Simple Fault Localization using Execution Traces
Julian Aron Prenner, Romain Robbes
TL;DR
This work addresses the limited performance of traditional spectrum-based fault localization by leveraging execution traces to derive count spectra, basic control-flow, and lexical features, then contextualizing them with a sliding window. A gradient-boosted model (LightGBM) is trained on contextualized line-level features to predict buggy lines, and evaluated on RunBugRun and QuixBugs. The approach consistently outperforms standard SBFL metrics, notably with a window size of three and across multiple feature groups, while remaining GPU-free and easily integrable. The findings suggest that simple, trace-derived features can meaningfully enhance FL without resorting to heavy static analysis or deep learning.
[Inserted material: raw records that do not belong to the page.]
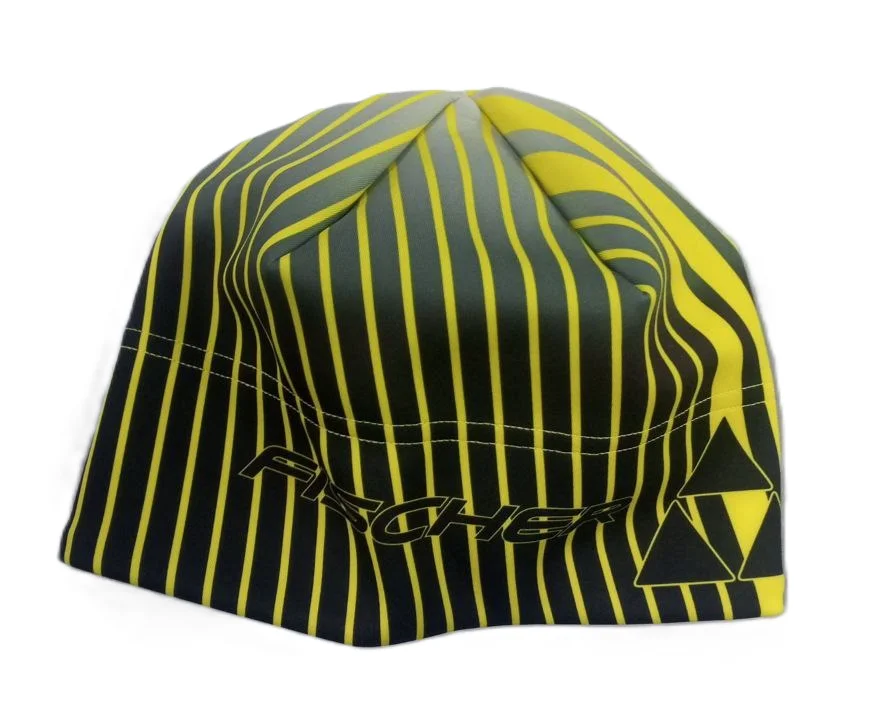 Реальное фото Шапка гоночная с лого Fischer полоски от магазина Спортев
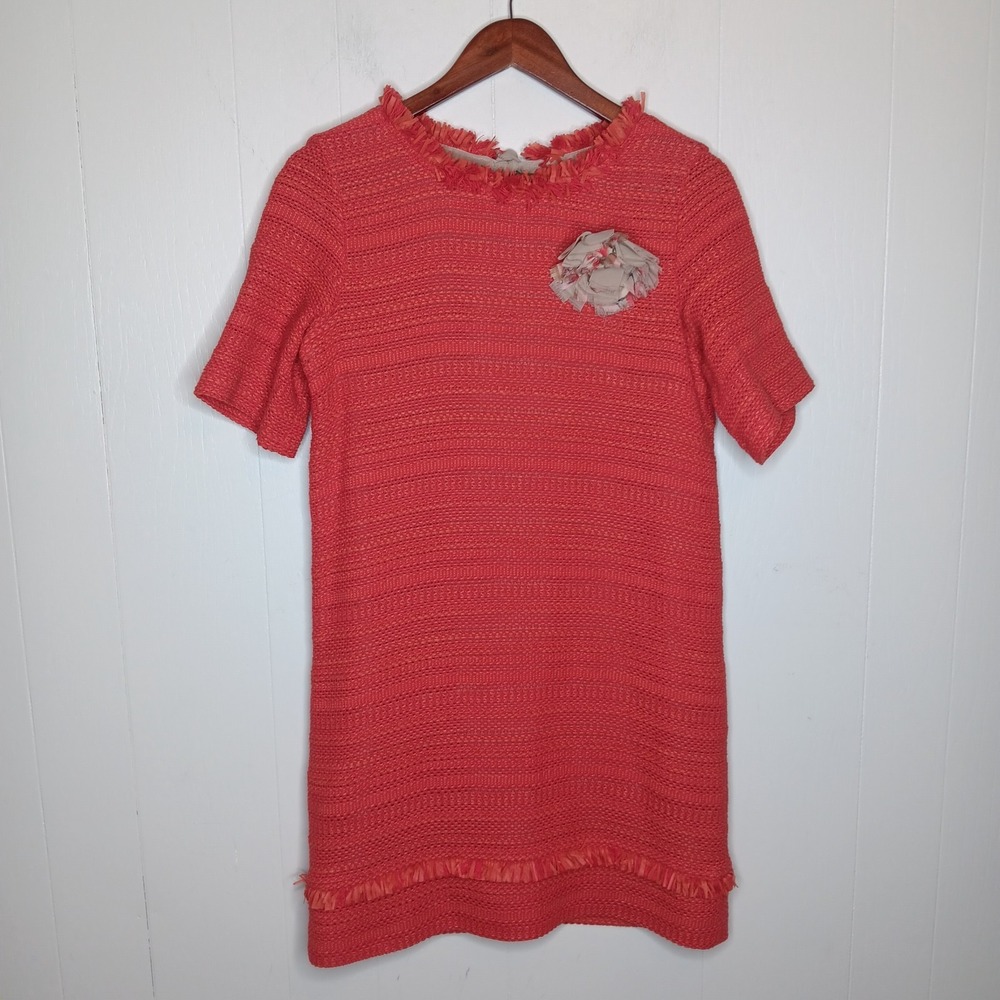 Marella Coral Woven Shift Dress Sz 6 Fringe Rosette Jackie O Preppy Career - Picture 2 of 13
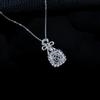 Zhou Hengfu Sapphire Bow Necklace: S925 Sterling Silver with Diamond Inlaid Luxury Square Sugar Pendant and Elegant Collarbone Chain.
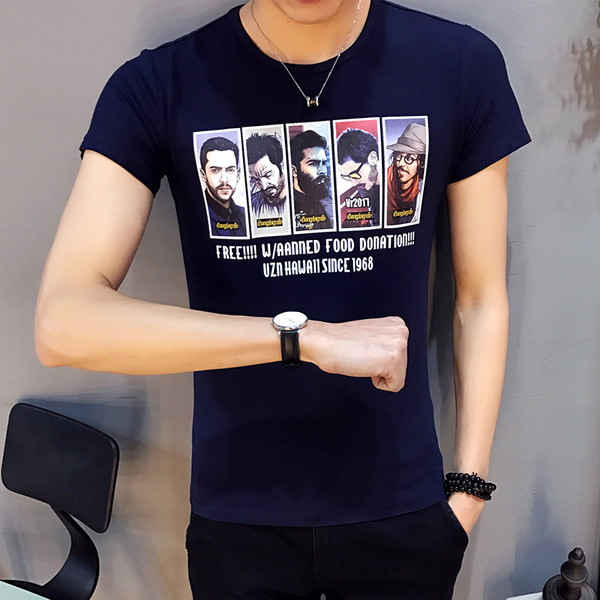 Ανδρικό μπλουζάκι με έγχρωμη εκτύπωση, λαιμό O και κοντό μανίκι - πολλά διαφορετικά μοτίβα και χρώματα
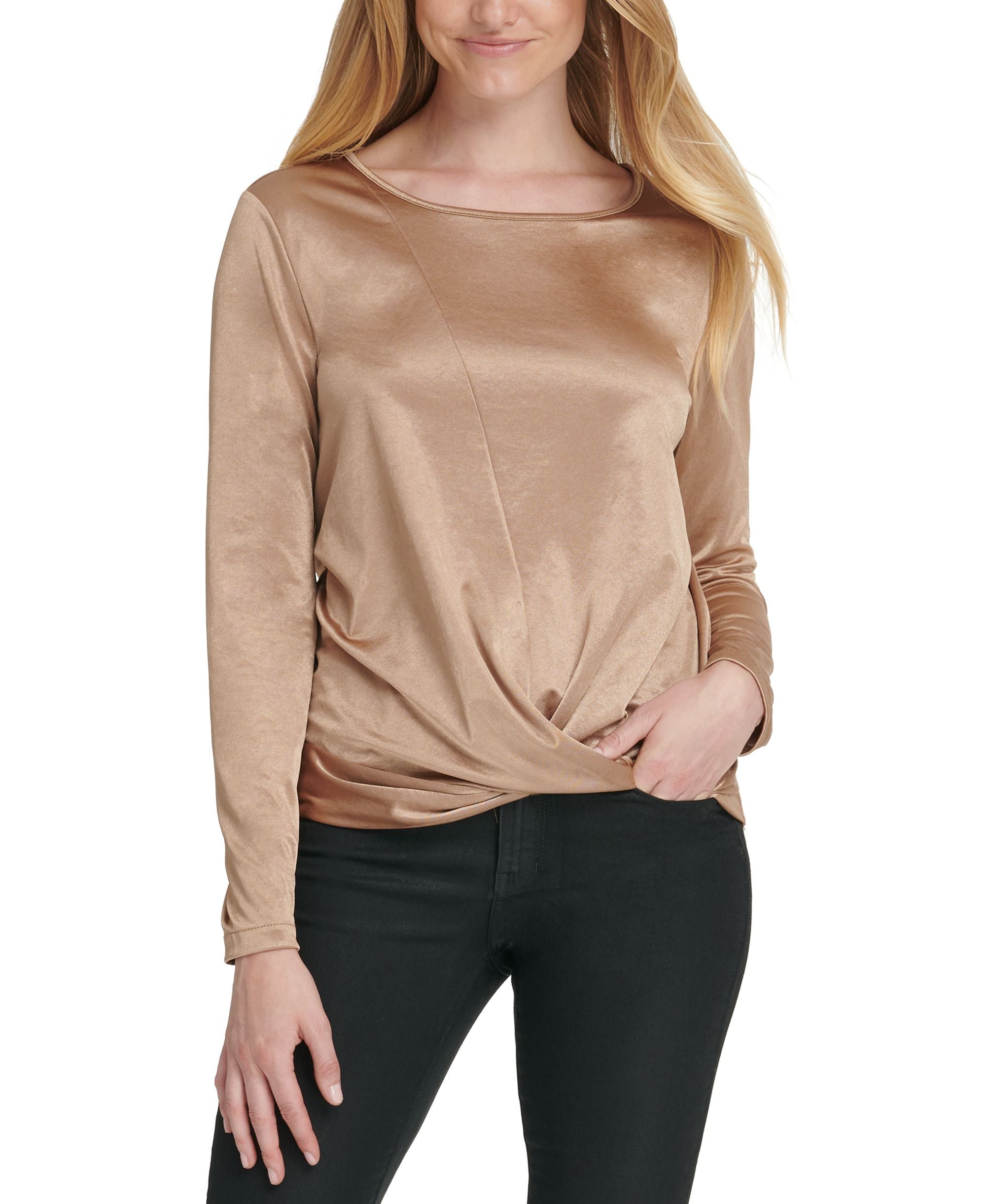 DKNY Satin Twist Hem Top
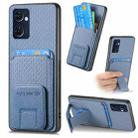 For OPPO Reno7 5G Carbon Fiber Card Bag Fold Stand Phone Case(Blue) - 1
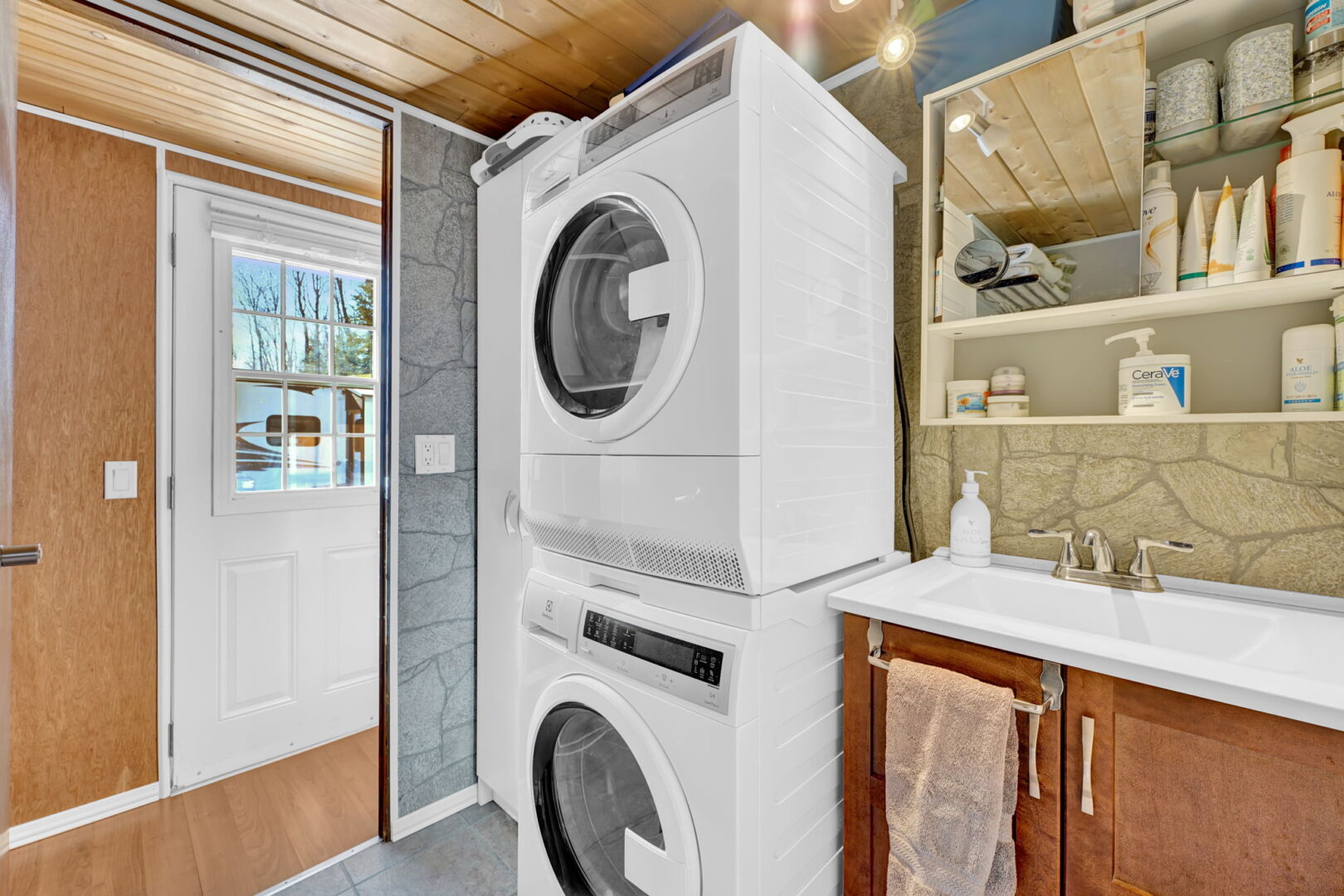 White stacked laundry machines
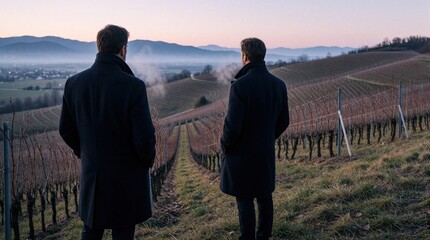Obraz premium Two men in dark winter coats stand on hillside looking at dormant vineyard rows. Cold morning mist covers valley between hills. Solitary figures observe rural landscape during early March at dawn.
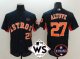 Men Majestic Houston Astros #27 Jose Altuve Navy Blue 2017 World Series And Houston Astros Strong Patch Flex Base Jerseys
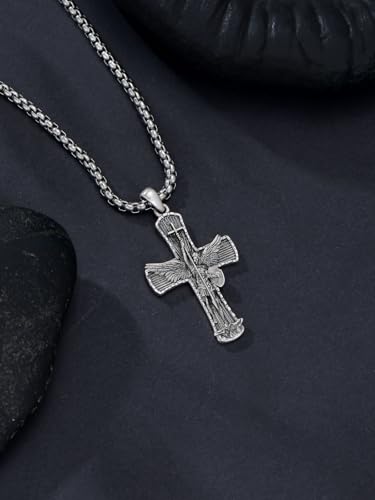 Patron Saint Necklace 925 Sterling Silver St Amulet Medal Pendant Religious Protection Jewelry Gifts for Men C01-Saint Michael Cross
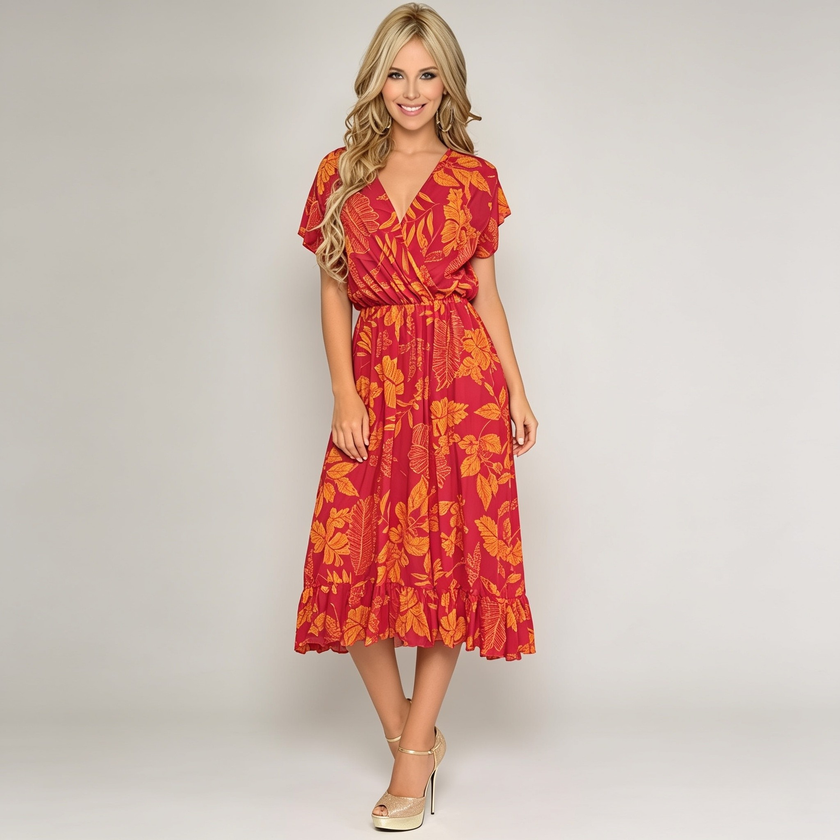 Made in Italy Tropical Leaf Print Wrap Midi Dress
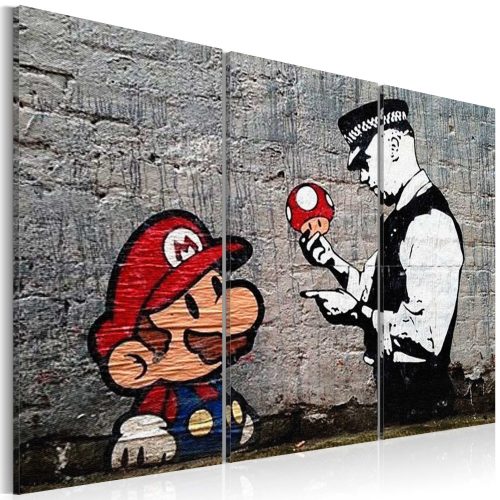 Kép - Super Mario Mushroom Cop by Banksy - ajandekpont.hu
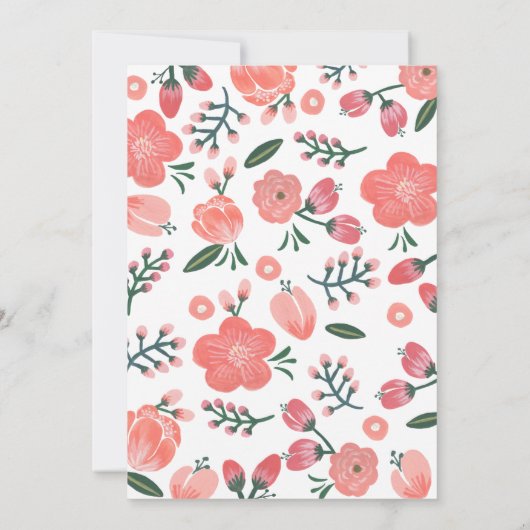 Blühende Botanicale | Einladung der Babydusche (Rückseite)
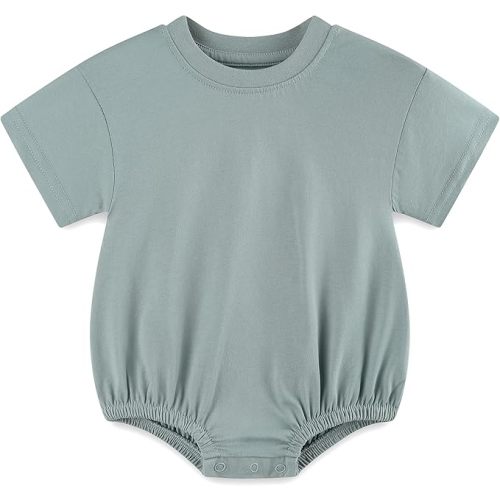 Baby Bubble Onesie Romper 100% Organic Cotton Clothes Short Sleeve Summer Solid Color T-Shirt Footless Outfits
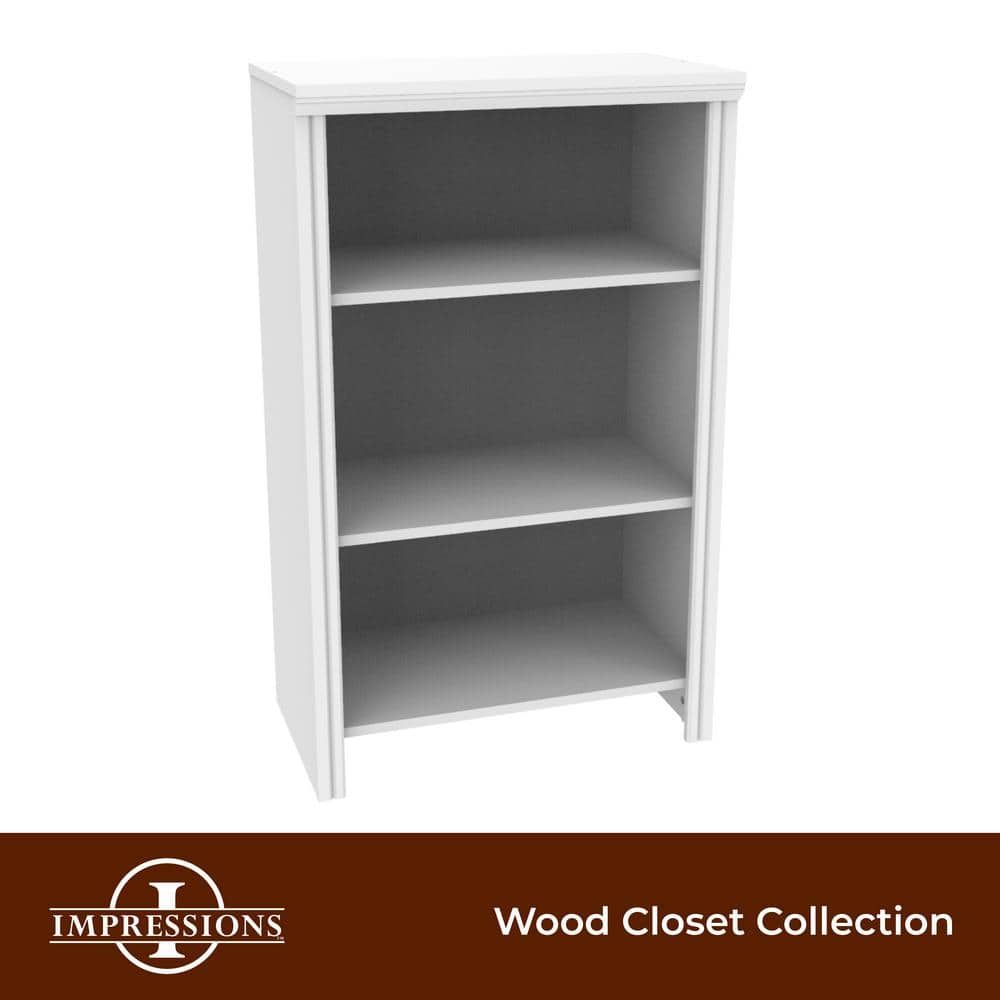 White Laminate Classic Walk-In Closet Tower Unit with Shelves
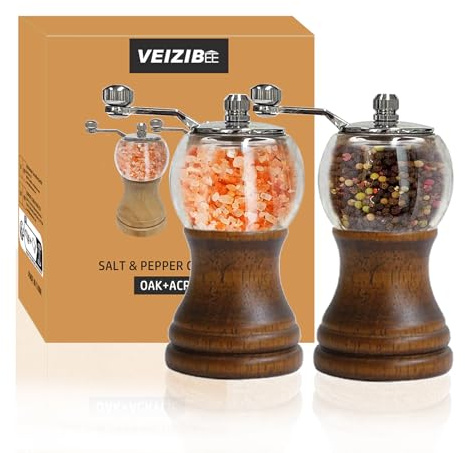 VEIZIBEE Classical Roast Black Manual Pepper Grinder Set & Hand Shake Sea Salt Grinder Mill, Retro Style Wood， Acrylic，Ceramic Blades，Metal Handle, Enjoy Best Fresh Ground Pepper & Spices (2, 5inch)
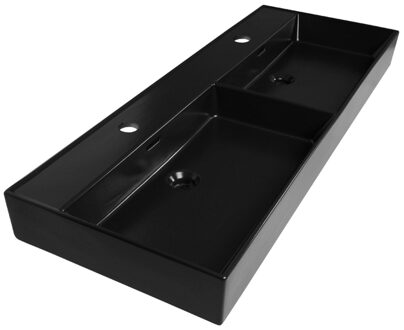 Saniclass Legend Meubelwastafel - 120x47x13cm - overloop - 2 wasbakken - links rechts 2 kraangaten - keramiek - mat zwart 2228 Zwart mat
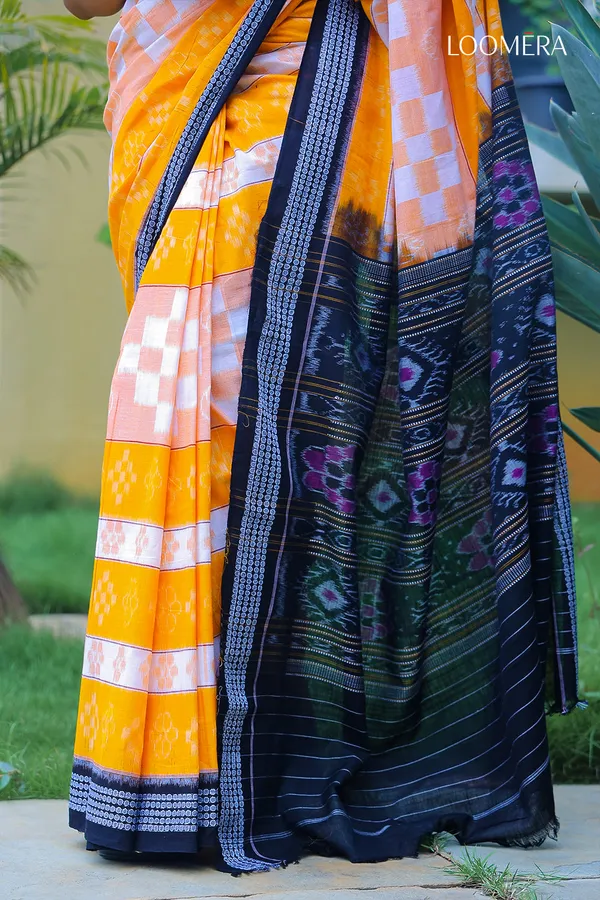 Amber_Yellow_Cotton_Sambalpuri_Saree
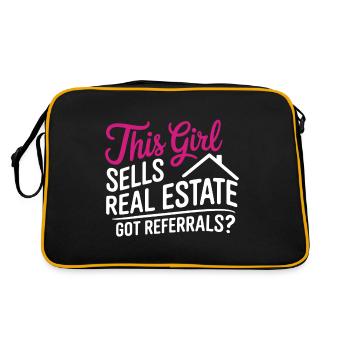 Dieses Mädchen verkauft Immobilienmaklerin Verkäuferin und sagt - Retro Tasche - Schwarz/Gold - Hinten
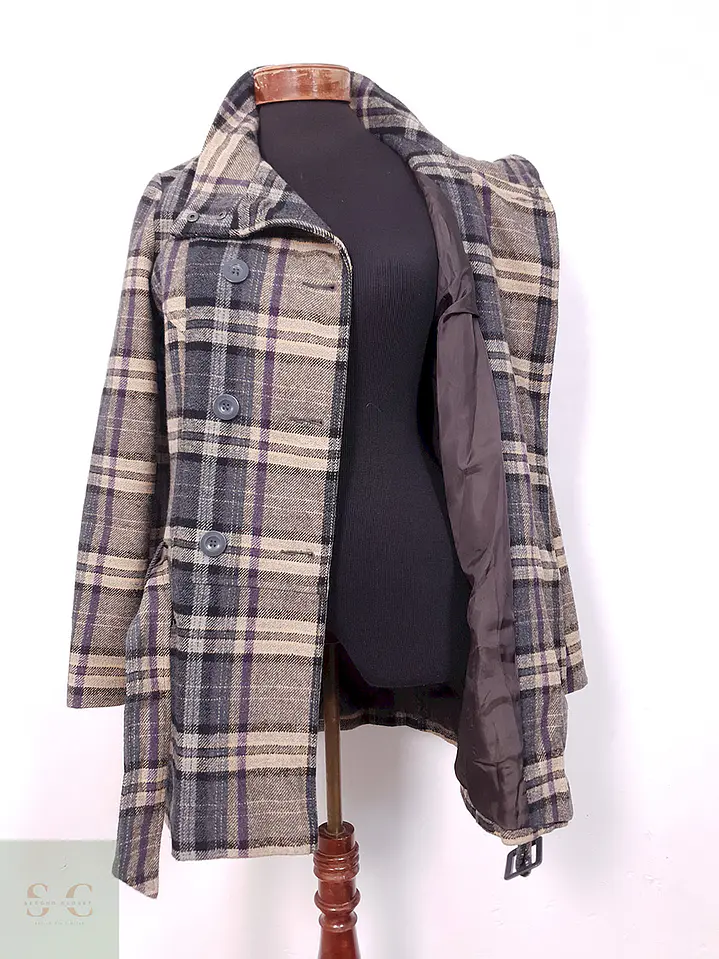 Abrigo F&F Marinero Café Beige Mezcla Lana - Talla S 2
The work also highlights data quality and quantity as critical factors for further improvements and generalization to larger, real-world codebases.
Abstract
Traditional spectrum-based fault localization (SBFL) exploits differences in a program's coverage spectrum when run on passing and failing test cases. However, such runs can provide a wealth of additional information beyond mere coverage. Working with thousands of execution traces of short programs submitted to competitive programming contests and leveraging machine learning and additional runtime, control-flow and lexical features, we present simple ways to improve SBFL. We also propose a simple trick to integrate context information. Our approach outperforms SBFL formulae such as Ochiai on our evaluation set as well as QuixBugs and requires neither a GPU nor any form of advanced program analysis. Existing SBFL solutions could possibly be improved with reasonable effort by adopting some of the proposed ideas.